There’s a point in pregnancy when you suddenly think: “Something’s wrong with me!” Of course, the something wrong is actually the reality that a five pound human has invaded your entire body and you can’t get away from him. He shows up in how you walk (here comes Ms. Puddleduck), in how you react to the world around you (emotional crazy-lady!), in how you appear (I promise my nose is not this big in regular life), and in your inability to keep from shouting “ouch!” at the check out counter when baby human’s foot is trying to burst your appendix with his toenail. Being pregnant at 8 months is not for the faint of heart.
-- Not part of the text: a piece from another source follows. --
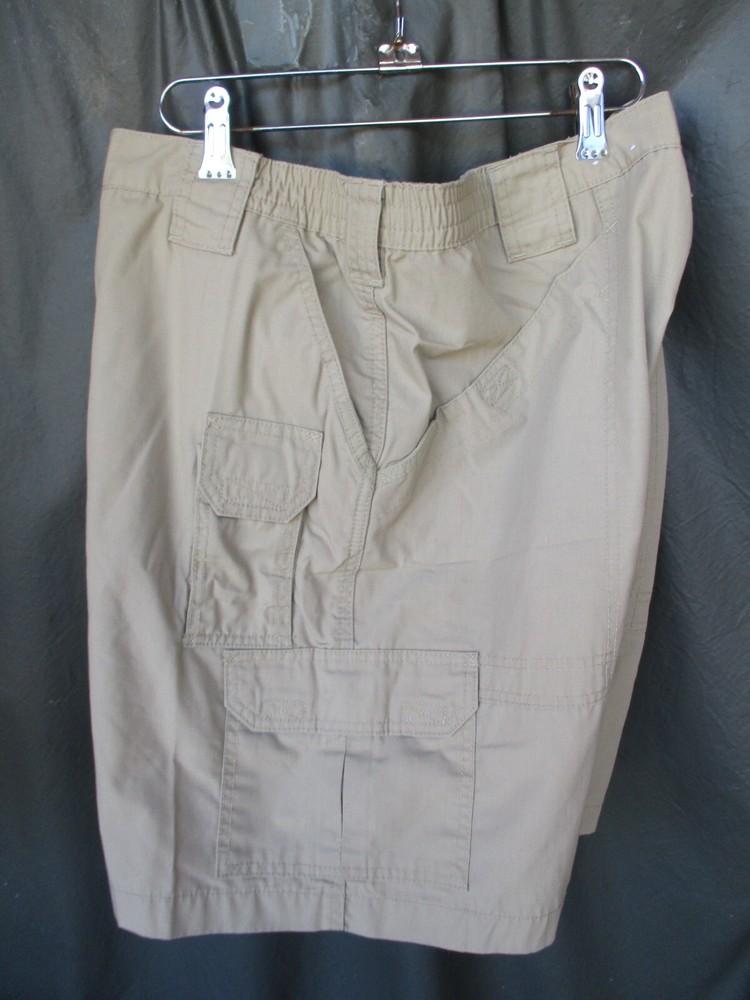 5.11 TACTICAL Khaki Tan Assault Short, size 38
It’s good for me to remind myself of that, especially on a day like today, when I don’t feel normal. In fact, I feel like I can barely make it out of my house. My kitchen is a wreck. Crumbs from dinner are still on the dining room table, and after four days of intense potty training, I’m the failure-mom who’s happy to put her kid back in a diaper and let him choose his own life path. Who needs the toilet anyway? Surely there are other ways for him to be contributing member of society.
I come from a family that works hard. Have you ever heard my brother talk about his writing schedule on his blog? Dude works a full day of graphic design, spends quality family time with his kids, watches TV with his wife, then writes books from 10 to 12 every night. He’s at the gym by 6 training for triathlons and home to eat breakfast with his kids. My mom’s the same way. She is such a committed person of prayer that her early morning prayer time seems to move further and further back into the middle of night as she adds more and more in-depth Bible studies, journaling, and prayers for specific people groups in Sudan into her daily routine. She’s up for three hours before leaving the house at 7:30.
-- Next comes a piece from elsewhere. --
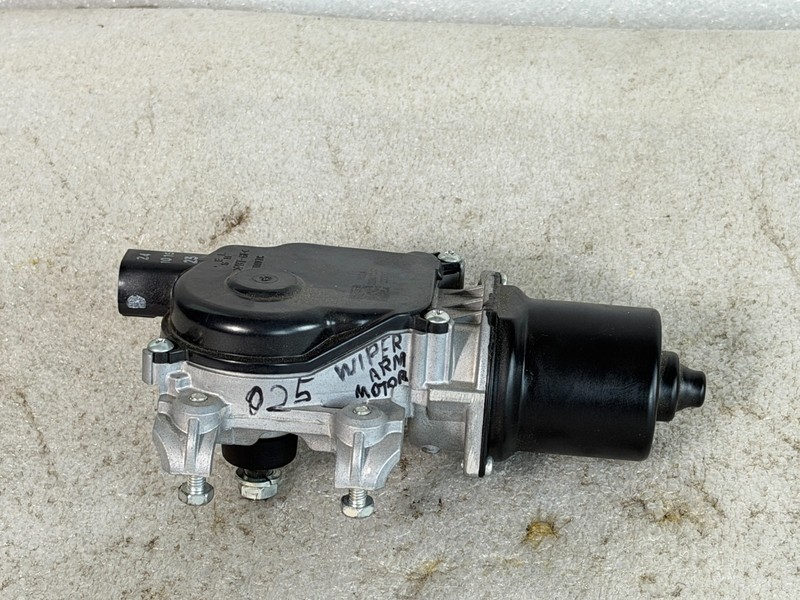2025 Nissan Altima Front Windshield Wiper Motor OEM 29K Miles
I say that to explain that I’m from a family that doesn’t require (or at least succumb to) much sleep. Napping is not for the responsible adult. And neither is sleeping-in. There are just too many important things to do. And when you know my family, you understand that such hard work has gotten them pretty far. Maybe not in terms of secular success, but at least in terms of contribution and kindness. My parents and brothers are regular folks who care for others, give their time away, and will spend all Saturday helping you fix your garage door/make your kid’s school play costume/ cover your grocery costs if you call for help.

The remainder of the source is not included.